HR, 11-10-2011, nr. 10/01703
ECLI:NL:HR:2011:BR2892
- Instantie
Hoge Raad (Strafkamer)
- Datum
11-10-2011
- Zaaknummer
10/01703
- Conclusie
Mr. Aben
- LJN
BR2892
- Vakgebied(en)
Strafprocesrecht (V)
- Brondocumenten en formele relaties
ECLI:NL:HR:2011:BR2892, Uitspraak, Hoge Raad (Strafkamer), 11‑10‑2011; (Cassatie)
Conclusie: ECLI:NL:PHR:2011:BR2892
ECLI:NL:PHR:2011:BR2892, Conclusie, Hoge Raad (Advocaat-Generaal), 05‑07‑2011
Arrest Hoge Raad: ECLI:NL:HR:2011:BR2892
- Vindplaatsen
Uitspraak 11‑10‑2011
Inhoudsindicatie
Gegronde bewijsklacht medeplegen.
11 oktober 2011
Strafkamer
nr. 10/01703
Hoge Raad der Nederlanden
Arrest
op het beroep in cassatie tegen een arrest van het Gerechtshof te 's-Gravenhage van 14 april 2010, nummer 22/001047-09, in de strafzaak tegen:
[Verdachte], geboren te [geboorteplaats] op [geboortedatum] 1960, wonende te [woonplaats].
1. Geding in cassatie
Het beroep is ingesteld door de verdachte.
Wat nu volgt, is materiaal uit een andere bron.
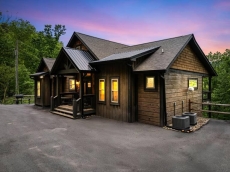 The Bear Shack - Bear Tracts Vacation Cabins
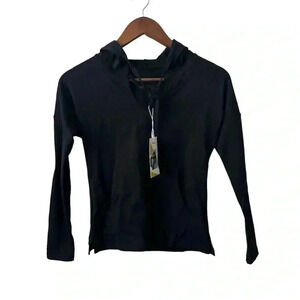 NWT HALARA FITTED WORKOUT  LONGSLEEVE S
Namens deze hebben mr. S.V. Jansen en mr. I. Jadib, beiden advocaat te
's-Gravenhage, bij schriftuur middelen van cassatie voorgesteld. De schriftuur is aan dit arrest gehecht en maakt daarvan deel uit.
De Advocaat-Generaal Aben heeft geconcludeerd tot vernietiging van de bestreden uitspraak en tot terugwijzing van de zaak naar het Gerechtshof dan wel verwijzing naar een aangrenzend hof teneinde op het bestaande hoger beroep opnieuw te worden berecht en afgedaan.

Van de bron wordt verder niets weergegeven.